So when Publishers Weekly asks if Clocks is “the most ambitious novel ever written”, what they’re actually referring to is the amount of intertextuality in this story. In addition to how bit players in one sequence become much more important later on in the novel, like how a character in Hugo Lamb’s story is a die-hard Crispin Hershey fan, there are many references to other books in the Mitchell canon. Again, as I’ve only read most and not all of these (for the record, I’ve read Black Swan Green, Cloud Atlas and The Thousand Autumns of Jacob de Zoet, and I really enjoyed all of them), maybe I was missing the whole feeling the novel was trying to evoke in me. Clocks is a magnum opus, an ur-book that ties all of Mitchell’s prior books together under a new theoretical framework, and as far as I can tell it basically makes sense? I actually grew to resent this device by book’s end. In cases when I knew which book he was referring to, I had to wrack my brain to remember who exactly this character was in that story, often ending up at Wikipedia. When I didn’t know who he was referring to it didn’t really detract from the plot, exactly, I just knew based on some of the names and descriptions that these bit players would be really cool in other books presumably. This became somewhat jarring in the end.
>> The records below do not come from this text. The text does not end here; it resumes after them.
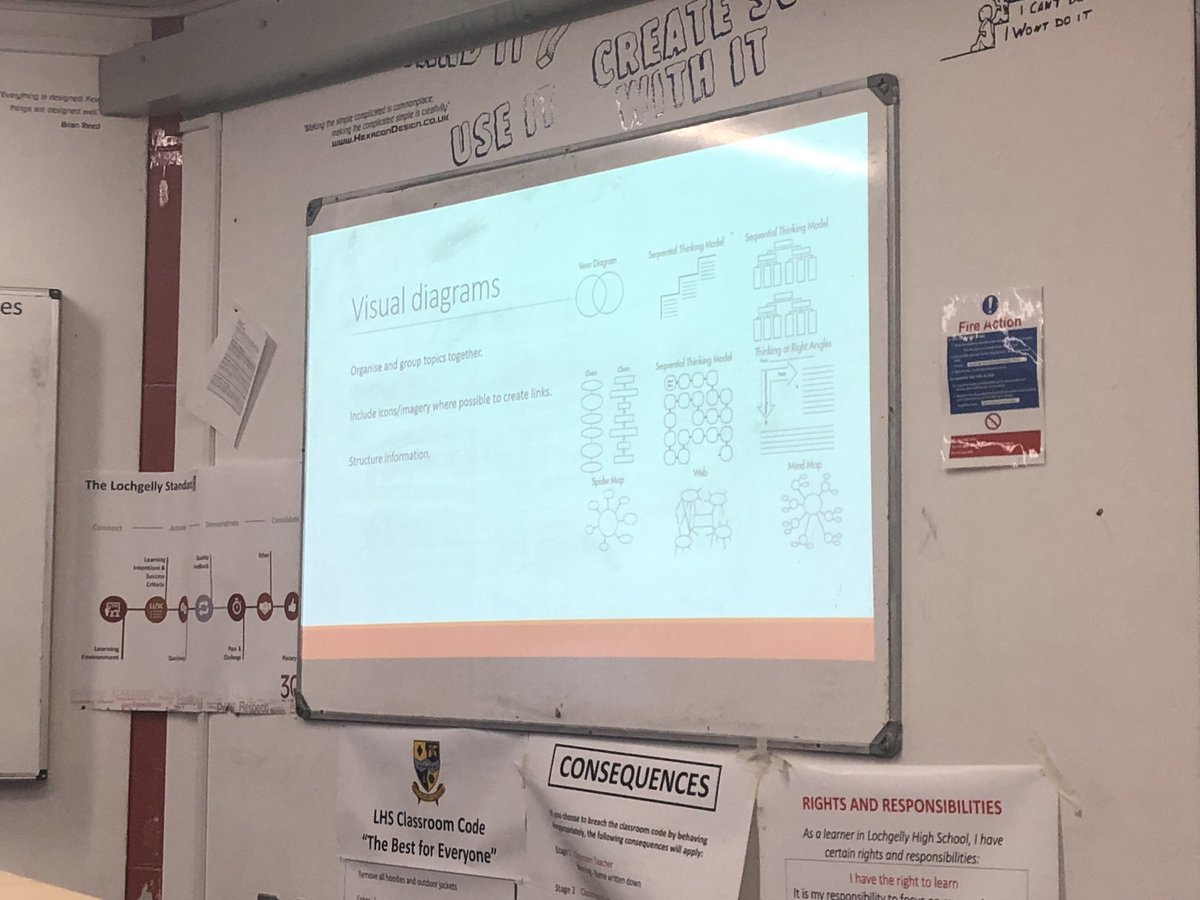 Lochgelly High School tweet media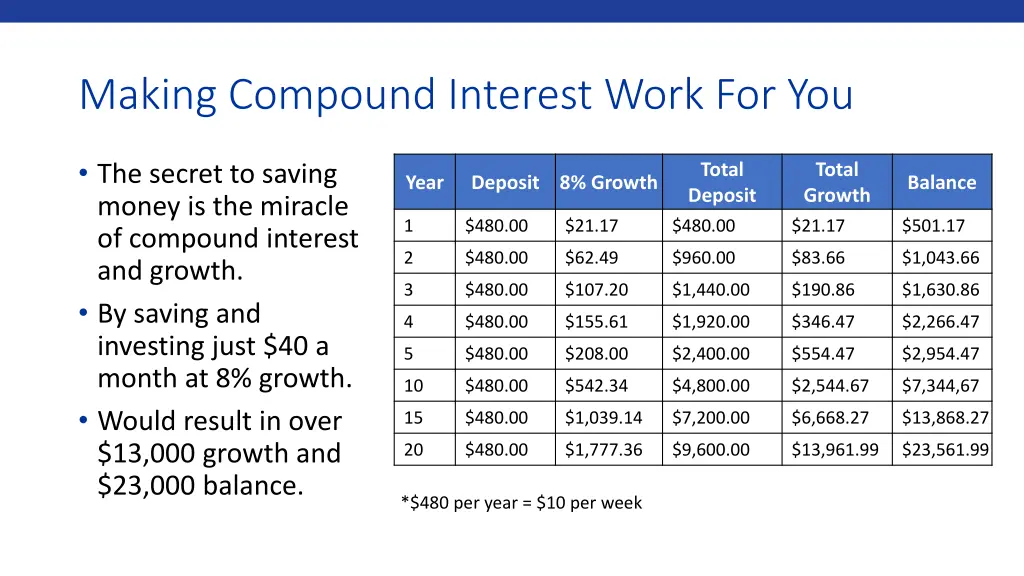 making compound interest work for you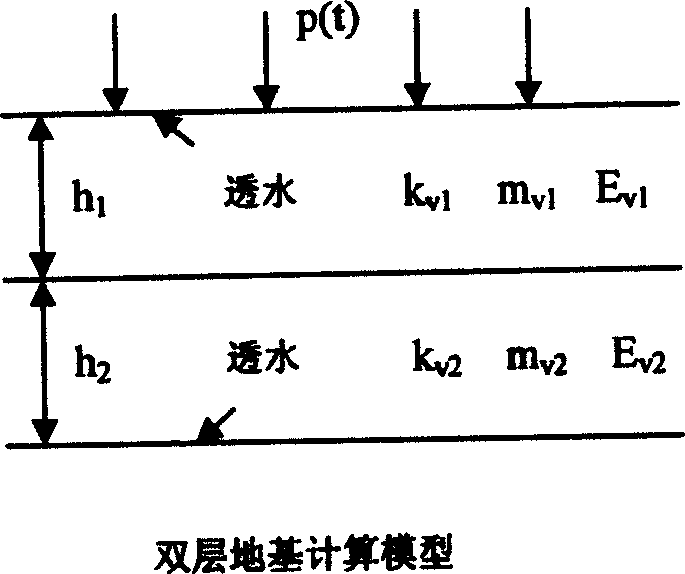 Method for building one-dimensional cumulates in two-storied foundation load in two stages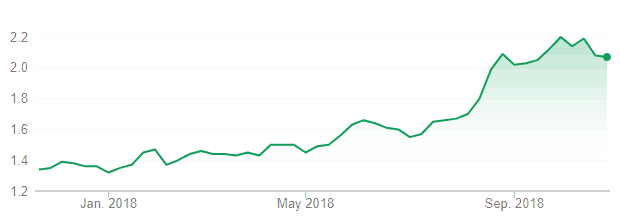 People Infrastructure Shares (ASX PPE) share price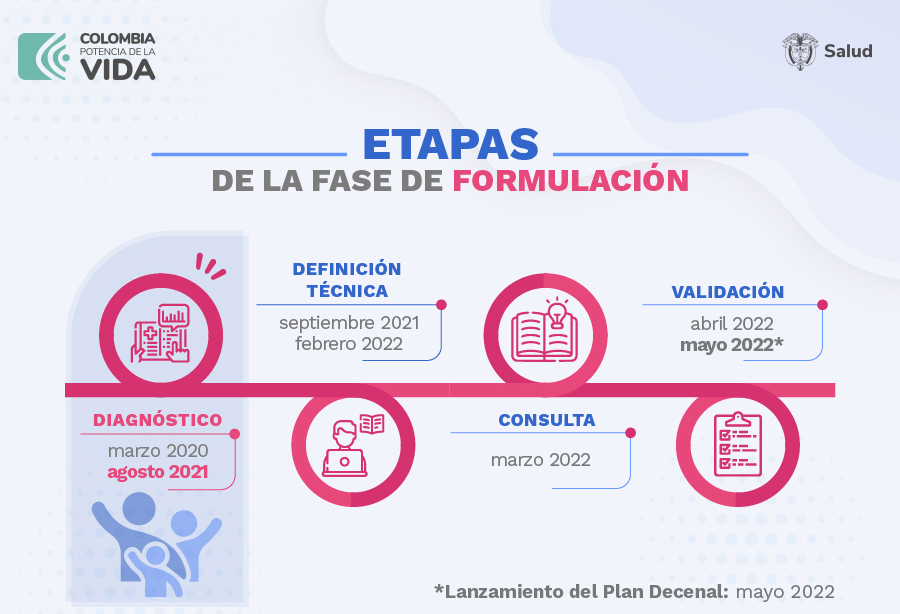 pds_etapa-formulacion.jpg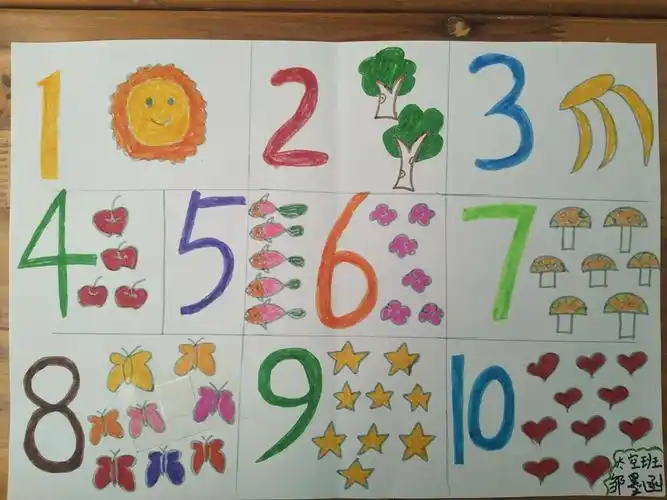 太空班『趣味数字』手抄报作品展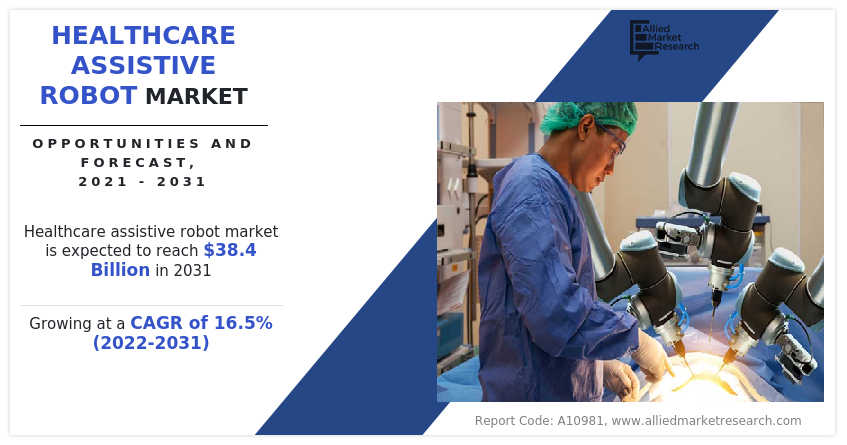 Healthcare Assistive Robot Market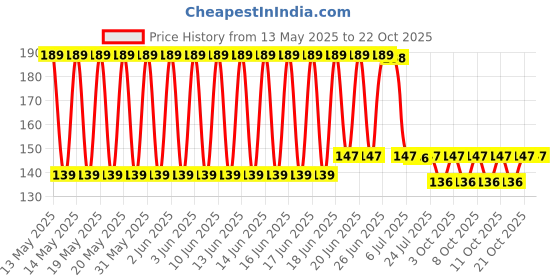 flipkart.com zenbliss Drain Hair Catcher Waterproof Mesh Stickers Hair Wash Basin zenbliss Price History Graph from 13 May 2025 to 22 Oct 2025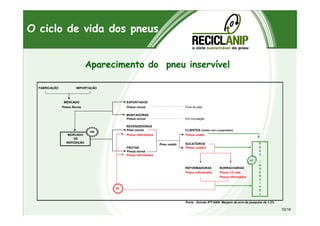 FABRICAÇÃO IMPORTAÇÃO
MERCADO EXPORTADOS
Pneus Novos Pneus novos Fora do pais
Aparecimento do pneu inservível
O ciclo de vida dos pneus
MONTADORAS
Pneus novos Em circulação
REVENDEDORAS
Pneu novos CLIENTES (retidos com o proprietário)
Pneus reformados Pneus usado
SUCATEIROS
FROTAS Pneus usados
Pneus novos
Pneus reformados
REFORMADORAS BORRACHARIAS
Pneus reformados Pneus 1/2 vida
Pneus reformados
Fonte : Estudo IPT/2006. Margem de erro da pesquisa de 1.2%
P
N
E
U
I
N
S
E
R
V
Í
V
E
L
MERCADO
DE
REPOSIÇÃO
100
54
45
Pneu usado
10/19
 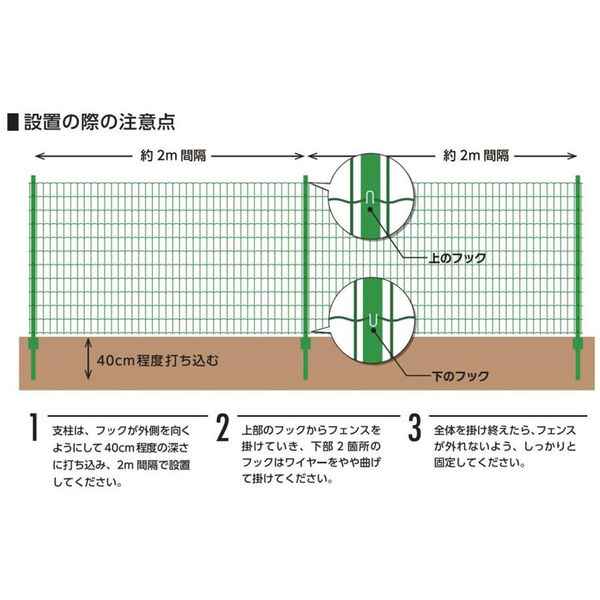 シンセイ アニマルガードフェンス2m×20m 4582572511116 1セット(ネット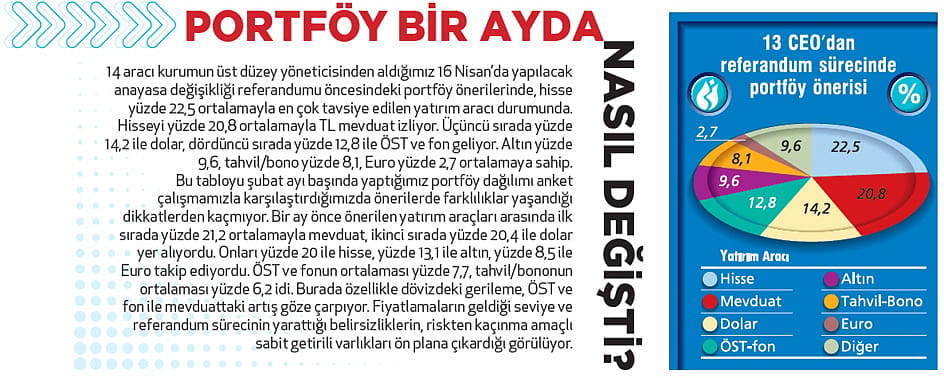 Referandum sürecinde en çok hisse öneriliyor-1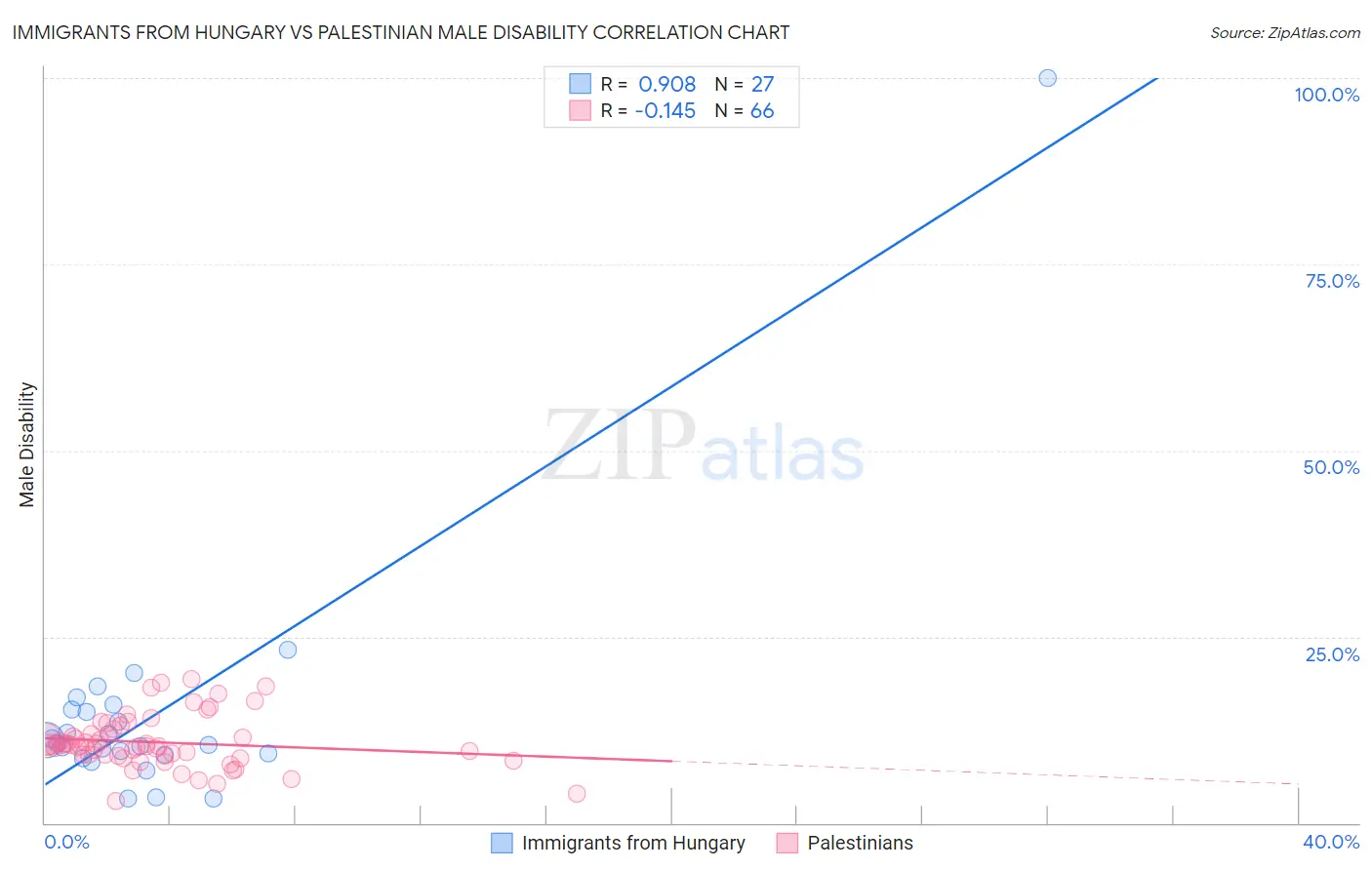 Immigrants from Hungary vs Palestinian Male Disability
Intertextuality is not exactly a new thing, no matter how much PW was impressed by it. Comic books do this all the time, with characters from other series appearing in other people’s books, often with an editorial note saying “for more on this exciting person, check out issue x of y”, but this sort of thing isn’t unheard of in the world of literary fiction, either. Thomas Pynchon’s books, for one, have recurring characters like Pig Bodine, the Traverse family and others.
With that out of the way though, for the most part I enjoyed the style of the book. Mitchell’s knack for interesting characters and dialogue that evokes a specific moment in time is convincing throughout. He moves easily from the mind of a disaffected teenage girl in Thatcher’s Eighties to a crusty early-2000s war reporter to a douchey has-been author with the greatest of ease. My main issue with the story comes from the resolution of the device that connects all of the characters in this book, and indeed now all of his characters in all of his books. While I feel like I don’t need my hand held when it comes to explaining characters with magic powers, which the two factions at war in the course of this saga, the Horologists and the Anchorites, both possess, I think the blase nature with which Mitchell tosses off concepts at will in the fifth section of the novel renders them less powerful than they ought to be. I don’t want a Back to the Future II-style chalkboard chart explaining how every person is able to release their inner power and throw fireballs, put up shields, etc. but a little more explanation, a few more encounters in the ostensibly “real” world of the first four segments, would have gone a long way in making the fifth bit feel more real, more lived-in.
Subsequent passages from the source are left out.